Third Successive Fall for Tattersalls

The Tattersalls Ireland September Yearling Sale failed for the third successive day to match up to the record figures achieved in 2006.
The Sept. 6 session saw the joint second-highest price of the sale, 110,000 euros ($149,761), paid for a Danetime colt by pinhooker Willie Brown. But otherwise the clearance rate fell ,as did the average, median and aggregate.
The percentage decreases were not as extreme as the previous day, but the result was disappointing final figures for the three-day sale.
Of the 211 cataloged (190 in 2006) on Sept. 6, 189 were offered (167) and 141 (128) sold at a clearance rate of 75% (77%). The aggregate dropped by 8% to 1,792,700 euros ($2,440,689) (1,942,000 euros), while the average on the day fell by 16% to 12,714 euros ($17,309) (15,172 euros) and the median decreased by 18% to 9,000 euros ($12,253) (11,000 euros).
Overall, there were 706 cataloged (644) with 640 offered (583) and 474 (480) selling at clearance percentage of 74 (82) for 8,998,400 euros ($12,250,962) (minus 16% on the 2006 total of 10,708,800 euros) at an average of 18,984 euros ($25,846) (a fall of 15% on the 2006 figure of 22,310 euros) and a median of 13,000 euros ($17,699) (a drop of 19% on 2006's 16,000 euros).
Tattersalls Ireland’s new managing director George Mernagh put a brave face on the situation: "The difference in the trading between yesterday and today is that it has noticeably improved and we can only put this down to a better type of yearling, judging by comments from both vendors and purchasers.

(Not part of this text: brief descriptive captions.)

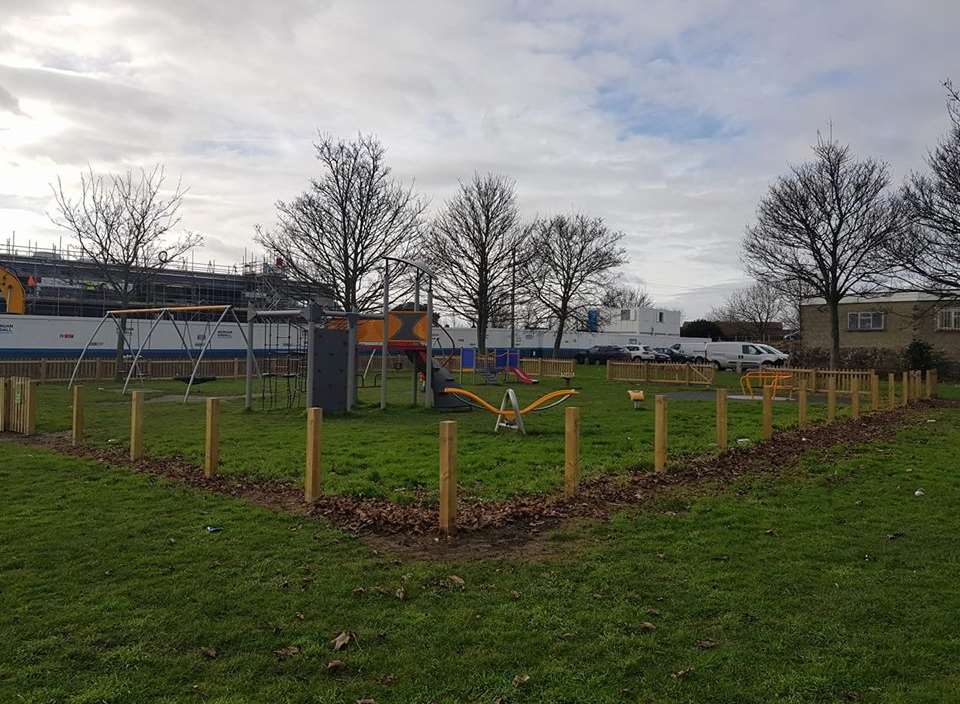 Fencing has been taken from Warre Rec. Pic: David Copeland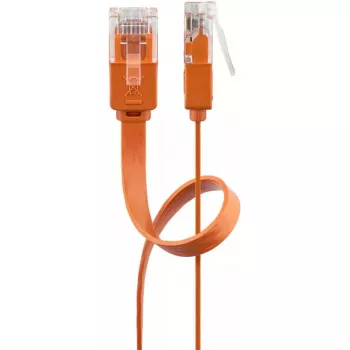 Platte patchkabel Goobay CAT 6 U/UTP oranje 1,5 m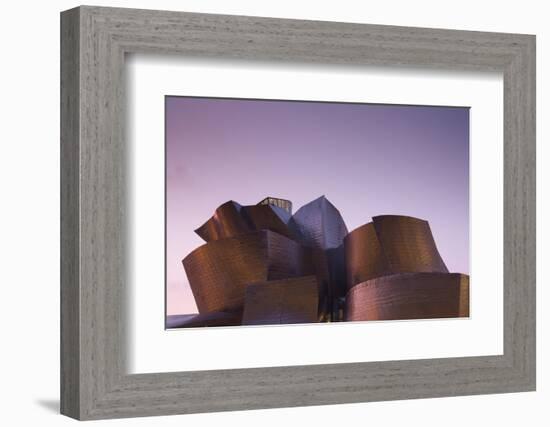 Guggenheim Museum designed by Frank Gehry, Bilbao, Biscay Province, Basque Country Region, Spain-null-Framed Photographic Print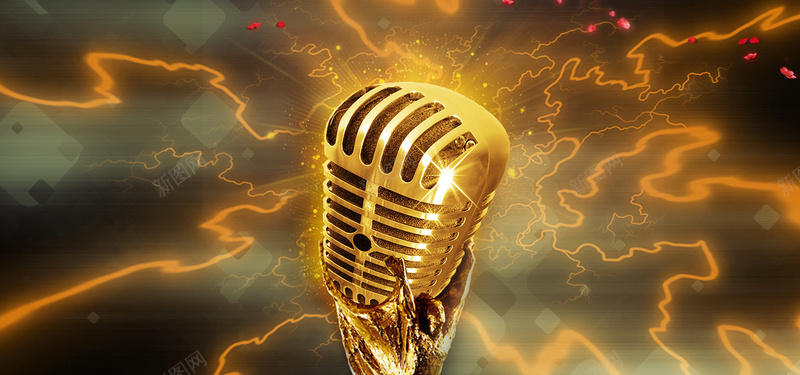 火爆音乐麦克风psd设计背景_新图网 https://ixintu.com 海报banner 激情 火爆 狂欢 音乐 麦克风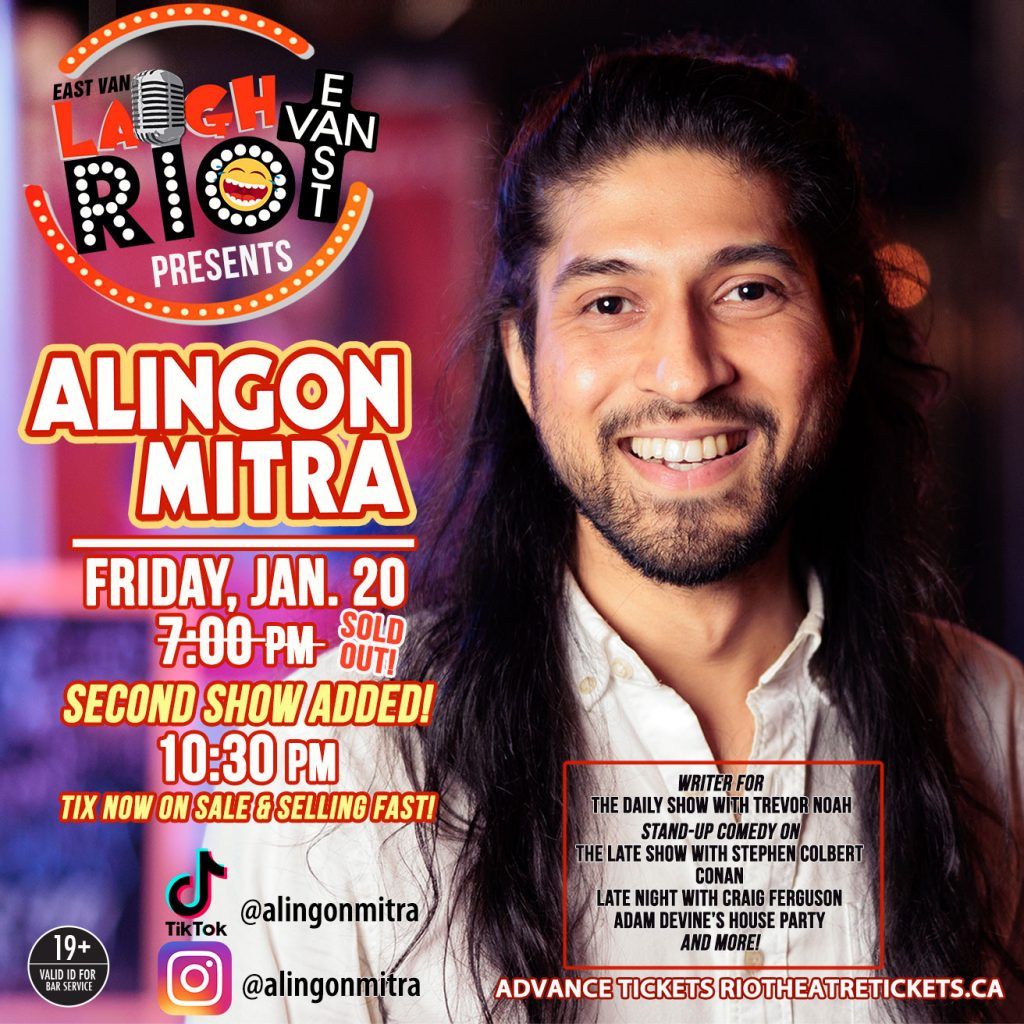 Alingon Mitra at Hyenas Comedy Night Club - Dallas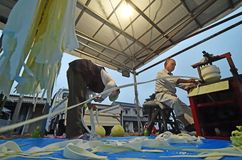 かんぴょうむきが本格化　壬生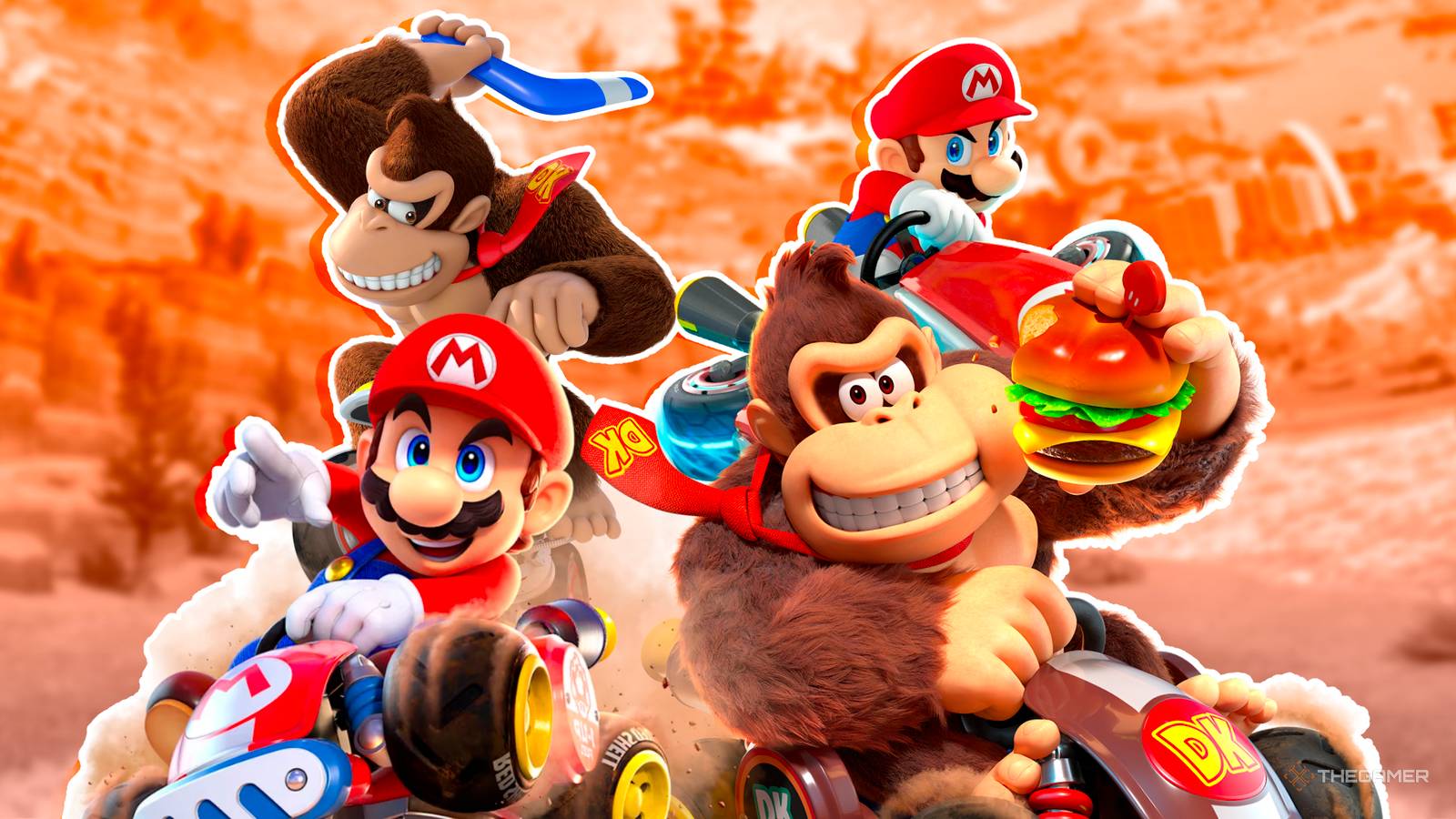 1600x900 Mario Kart World Character Designs Compared To Their Classic Looks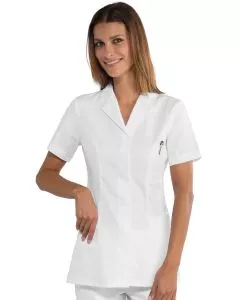 Casacca donna Coimbra slim poliestere cotone mezza manica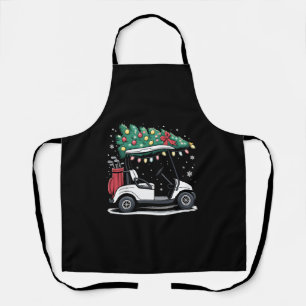 Golf Cart Christmas Tree Lights Xmas Sport Golfer  Apron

"It really does underline the fact that there is plenty of demand for athletes but that with the number of yearlings around, buyers are less willing to take a chance on horses falling short on conformation or pedigree. It wouldn’t be beneficial to point any fingers at this stage for the reasons why, but I do think there are a number of contributing factors.
"There were plenty of buyers here, from Italy in particular, as well as Spain and Greece, and also a large number of purchasers from England who as a group bought nearly half the horses sold.
"It is the first time in many years that this sale has not shown an increase on the previous year, which of course is disappointing to us, as we would have like to maintained this growth.
"However, it is worth bearing in mind that last year’s sale was a bumper year and our figures this year are still very favorable when compared to 2005.
"I will be reviewing the sale’s format internally and within the industry. We will also have to see how it falls within the context of the rest of the yearling sales this autumn and what market trends develop."